The critics contend that the lack of a gold standard, with its tighter control on the amount of new money in circulation, has led to greater financial instability, more inflation and persistent imbalances in trade accounts.
“It is the lack of any credible monetary rule, the loss of a gold anchor, and the growing discretion of central banks issuing pure fiat monies that have wreaked havoc on the global monetary order,” said James Dorn, monetary analyst at the Cato Institute, a conservative think tank in Washington, D.C., in an e-mail.
Mr. Dorn, a critic of Mr. Nixon’s move, says the lack of a gold link has meant the dollar has constantly lost value as the price level as drifted upward through high inflation since 1971. Another drawback, in his view, is that governments and central banks can intervene more in the economy than they could have under a gold standard that imposes more discipline on the amount of currency that can circulate.
There has, however, been at least one major benefit from Mr.
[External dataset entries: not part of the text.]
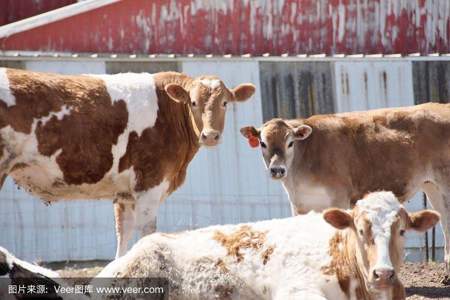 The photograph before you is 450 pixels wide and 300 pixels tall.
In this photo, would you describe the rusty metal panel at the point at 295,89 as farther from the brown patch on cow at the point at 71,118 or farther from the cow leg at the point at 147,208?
the brown patch on cow at the point at 71,118

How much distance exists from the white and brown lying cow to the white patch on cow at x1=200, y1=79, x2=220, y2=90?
3.46ft

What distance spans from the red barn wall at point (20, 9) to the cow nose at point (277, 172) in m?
12.4

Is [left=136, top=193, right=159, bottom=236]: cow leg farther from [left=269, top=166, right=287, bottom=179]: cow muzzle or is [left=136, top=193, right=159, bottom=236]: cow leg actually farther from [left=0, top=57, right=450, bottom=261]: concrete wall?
[left=0, top=57, right=450, bottom=261]: concrete wall

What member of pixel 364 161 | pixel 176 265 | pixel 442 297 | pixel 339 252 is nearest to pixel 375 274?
pixel 339 252

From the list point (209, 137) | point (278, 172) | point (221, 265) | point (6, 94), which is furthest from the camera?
point (278, 172)

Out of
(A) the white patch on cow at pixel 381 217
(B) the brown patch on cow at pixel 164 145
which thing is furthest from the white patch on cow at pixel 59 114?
(A) the white patch on cow at pixel 381 217

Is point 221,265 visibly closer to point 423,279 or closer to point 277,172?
point 277,172

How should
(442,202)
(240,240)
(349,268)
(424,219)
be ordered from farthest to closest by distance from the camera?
(442,202) < (240,240) < (424,219) < (349,268)

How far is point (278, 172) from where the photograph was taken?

Nixon’s move.
Since August, 1971, most major exchange rates have floated, meaning that market forces determine the value of currencies on a day-to-day basis, eliminating the frequent devaluation crises that used to occur.
On a short-term basis, the decision to end the role of gold in the monetary system was cheered by investors, as was Mr. Nixon’s simultaneous announcement of import tariffs and wage and price controls. The Dow Jones Industrial Average surged nearly 4 per cent when trading started on the Monday after the announcement.
Despite the move to reduce gold’s role in the monetary system, it’s been onward and upward for the barbarous relic since 1971. By the end of 1974, gold had risen to $183.85 an ounce, a fourfold gain. Recently, it’s done even better, reaching a new record high this week of more than $1,800.